The Embassy Office Parks REIT (Embassy REIT) delivered a robust performance in FY20 in its maiden year of listing with a Net Operating Income (NOI) growth of 15% and NDCF distribution of Rs18.8bn or Rs24.4/unit. Inspite of COVID-19 headwinds, Q1FY21 performance was also resilient with 99% collection efficiency in office rentals resulting in NDCF distribution of Rs4.5bn which was up 8% YoY. We believe that the REIT's low leverage (net D/E of 0.2x), marquee tenant profile and de-densification of offices making up for increased Work from Home will enable the REIT to deliver 11% NOI CAGR over FY20-23E. We roll forward our DCF based target price to March 2021 with a revised NAV of Rs430/unit (earlier Rs403) and upgrade our rating to BUY from ADD. At CMP of Rs360, the Embassy REIT offers a distribution yield of 6.8% in FY21E, 7.1% in FY22E and 7.8% in FY23E.

- FY20 NDCF distribution of Rs18.8bn: The Embassy REIT distributed Rs18.8bn of Net Distributable Cash Flow (NDCF) in FY20 or Rs24.4/unit. Of the total FY20 distribution/unit, Rs10.0 was in the form of interest, Rs14.0/unit in capital repayment and Rs0.4/unit in the form of dividend. At a portfolio level, Net Operating Income (NOI) grew 15% YoY driven by incremental leasing, re-leasing at decent mark-to-market spreads and early completion of 1.4msf of development.

- Embassy REIT portfolio cushions the COVID-19 blow: The REIT's current tenant portfolio has around 50% of tenants in the technology domain with even smaller verticals such as financial services and research/consulting consisting of Global in-house captives. Currently, the REIT's top ten occupiers contribute ~42% of the gross overall rental income as of June 2020. We expect the REIT to deliver 11% NOI CAGR over FY20-23E driven by incremental leasing, new assets and recovery in hotels.

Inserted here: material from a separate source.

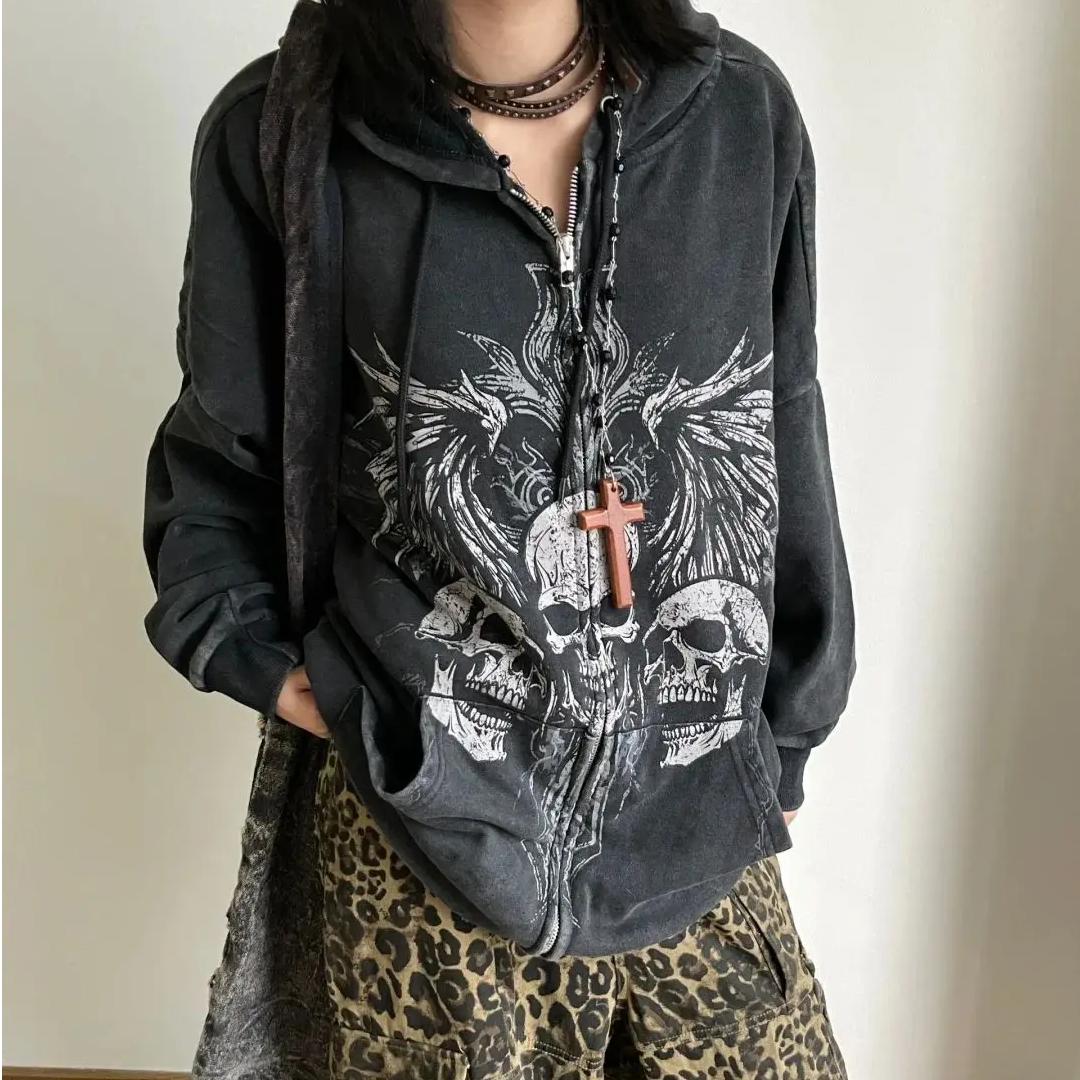 Gothic Punk Oversized Graphic Hoodie mit okkulten Motiven - 1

- Mark-to-market opportunity is back-ended: While the mark-to-market opportunity for higher rentals in the REIT portfolio are now at risk, with just 7% of overall portfolio expiring in FY21E and 5% in FY22E, we do not see any risk to our assumptions of a 5% CAGR growth in rentals across the portfolio with FY23E having ~9% of portfolio expiry when the demand situation may normalise.

- Limited completions and debt maturity in FY21-22E: With the next set of completions of 0.9msf being in Techzone, Pune, 0.7msf in Embassy Oxygen and 1.0msf in Manyata (M3) only in FY23E with the rest of the completions of 4.5msf scheduled post FY23E, the REIT has enough leeway to control supply depending on the market dynamics over the medium-term. As of June 2020, the REIT has gross debt of Rs59bn (including amortised cost of zero-coupon bonds of Rs36.5bn), of which Rs2.7bn is scheduled for repayment in FY21E and Rs4.3bn in FY22E. The REIT also has cash and investments of Rs9.0bn to cushion against COVID-19 impact.